The real history of globalization

Neo-liberals vs neo-idiotics?

"... the 'bad old days' in the developing countries weren't so bad at all. During the 1960s and the 1970s, when they were pursuing the 'wrong' policies of protectionism and state intervention 'per capita income' in the developing countries grew by 3.0% annually... Since the 1980s, after they implemented neo-liberal policies, they grew at only about half the speed seen in the 1960s and the 1970s (1.7%). Growth slowed down in the rich countries too, but the slowdown was less marked (from 3.2% to 2.1%), not least because they did not introduce neo-liberal policies to the same extent as the developing countries did. The average growth rate of developing countries in this period would be even lower if we exclude China and India. These two countries which accounted for 12% of the total developing country income in 1980 and 30% in 2000, have so far refused tu put on Thomas Friedman's Golden Straitjacket.

Growth failure has been particularly noticeable in Latin America and Africa, where neo-liberal programmes were implemented more than in Asia. In the 1960s and the 1970s, 'per capita income' in Latin America was growing at 3.1% per year, slightly faster than the developing country average. Brazil, especially, was growing almost as far as the East Asian 'miracle' economies. Since the 1980s, however, when the continent embraced neo-liberalism, Latin America has been growing at less than one third of the 'bad old days'. Even if we discount the 1980s as a decade of adjustment and take it out of the equation, 'per capita income' in the region during the 1990s grew at basically half the rate of the 'bad old days' (3.1% vs 1.7%). Between 2000 and 2005, the region has done even worse; it virtually stood still with 'per capita income' growing at only 0.6% per year.







"... neo-liberal globalization has failed to deliver on all fronts of economic life -growth, equality and stability. Despite this, we are constantly told how neo-liberal globalization has brought unprecendent benefits.

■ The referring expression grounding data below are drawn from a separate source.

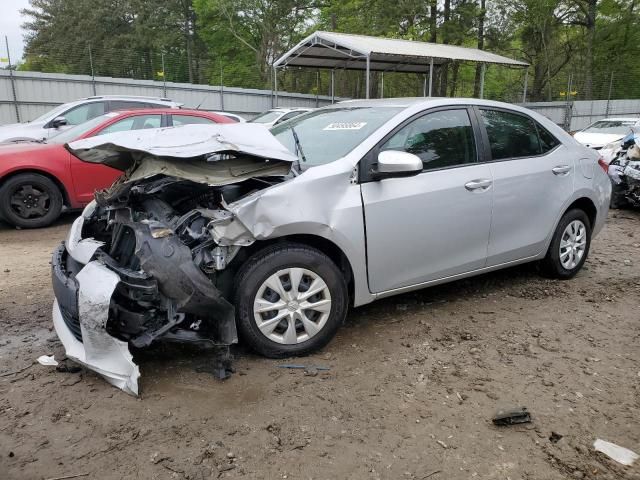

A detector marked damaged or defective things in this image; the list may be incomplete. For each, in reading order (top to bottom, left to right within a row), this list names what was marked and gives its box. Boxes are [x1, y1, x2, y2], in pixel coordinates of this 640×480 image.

red damaged car [0, 109, 235, 229]
crumpled hood [66, 123, 296, 172]
severely damaged front end [608, 127, 636, 208]
severely damaged front end [52, 124, 298, 394] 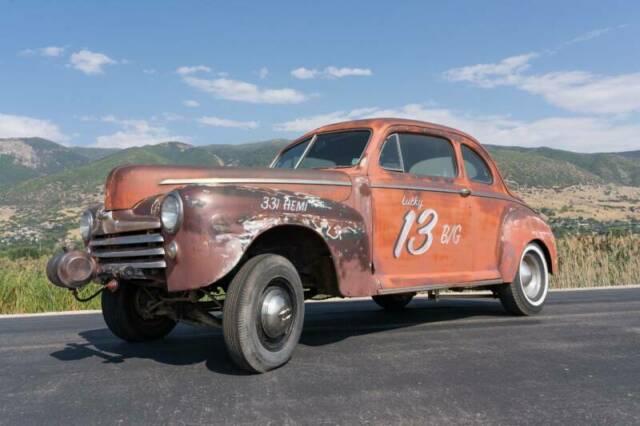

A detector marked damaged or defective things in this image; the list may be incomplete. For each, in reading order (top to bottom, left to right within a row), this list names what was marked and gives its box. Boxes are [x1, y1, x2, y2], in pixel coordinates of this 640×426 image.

rusty vintage coupe [46, 118, 556, 372]
cracked asphalt road [0, 288, 636, 424]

"The one country that seems to have succeeded in the postwar globalization period by using the neo-liberal strategy is Chile. Indeed, Chile adopted the strategy before anyone else, including the US and Britain, following the 'coup d'etat' by General Augusto Pinocht back in 1973. Since then, Chile has grown quite well -although nowhere nearly fast as the East Asian 'miracle' economies. And the country has been constantly cited as a neo-liberal success story. Its good growth performance is undeniable. But even Chile's story is more complex tran orthodoxy suggests.

"Chile's early experiment with neo-liberalism, led by the so-called Chicago Boys (a group of Chilean economists trained at the University of Chicago, one of the centres of neo-liberal economics), was a disaster. It ended in a terrible financial crash in 1982, which had to be resolved by the nationalization of the whole banking sector. Thanks to this crash, the country recovered the pre-Pinochet level of income only in the late 1980s. It was only when Chile's neo-liberalism got more pragmatic after the crash that the country started doing well. For example, the government provided exporters with a lot of help in overseas marketing and R&D. It also used capital controls to successfully reduce the inflow of short-term speculative funds althought its recent free trade agreement with the US has forced it to promise never to use them again. More importantly, there is a lot of doubt the sustainability of Chile's development. Over the past three decades, the country has lost a lot of manufacturing industries and become excessively dependent on natural-resources-based exports. Not having the technological capabilities to move into higher-productivity activities, Chile faces a clear limit to the level of prosperity it can attain in the long run.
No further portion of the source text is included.